You know this guy. You’ve seen him everywhere you go for what seems like forever. He is always standing off to the side or sitting at a table with his back to the wall and his eye on the door. He isn’t waiting for anyone and he isn’t worried about you or anybody else. His drink is always half empty, but you never see him take a sip. He watches real, real close. If you follow his eyes, you know that he has sorted out the whole thing, placed every image in its proper place, remembered every word spoken, filed away every action and reaction for later dissection. At some point you look away, and when your gaze returns to the previous spot, he is gone.
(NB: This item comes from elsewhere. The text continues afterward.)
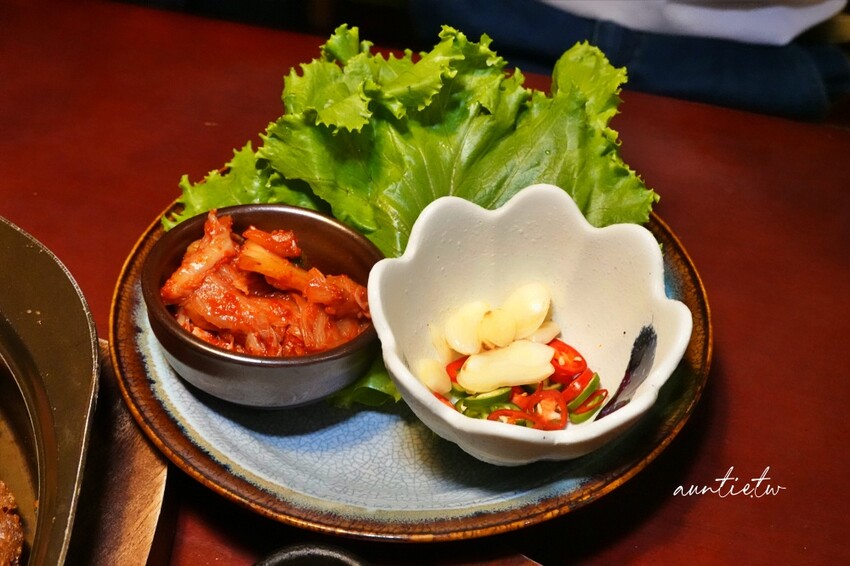 台北市中山區【台北】中山站｜李上LeeSang，來自首爾的韓式餐酒館，海鮮鍋巴湯、韓式炸雞，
Protomartyr’s lead singer Joe Casey knows this guy, too.
“The Devil in His Youth,” the first track off the band’s new album, The Agent Intellect, opens with a wash of shimmering, slightly offbeat guitar courtesy of Greg Ahee, who weaves a postmodern pattern of familiar-yet-fresh melodies and crashing transitional washes of chords to create a backdrop to Casey’s Shane MacGowan-like reading of a script that sounds like it could have been written by Dave “E” McManus of early ’70s Ohio proto-punks the Electric Eels: “Before recorded time/In some suburban room.” Casey is warning us that he is here to observe no more — this is the time for action. “I will make them feel the way I feel,” he sings, as the album takes off on the driving rhythm of drummer Alex Leonard’s and bass guitarist Scott Davidson’s propelling-yet-restraining flow.
All the elements of Protomartyr’s previous two releases — the urgent rhythms and grand introductions to a cast of characters and Detroit locales in No Passion All Technique, revisited in more controlled and subdued circumstances on last year’s Under Color of Official Right — have set the stage for a deeper and more intimate exploration of the world that exists behind those all-seeing eyes and half-empty glass. It’s a world that has become a lie — not an intentional lie, but one that has revealed itself to be a lie just the same.
My first exposure to Protomartyr was a YouTube video in which they were covering the Stooges. As a Detroit band covering a Detroit band, they had my full attention. Detroit, and its music of the day, was a big slice of what made me and those around me gather together in early ’70s Cleveland to make music. The Stooges, MC5, CKLW and Creem magazine lent their Motor City swagger to my early efforts in Mirrors and Rocket from the Tombs.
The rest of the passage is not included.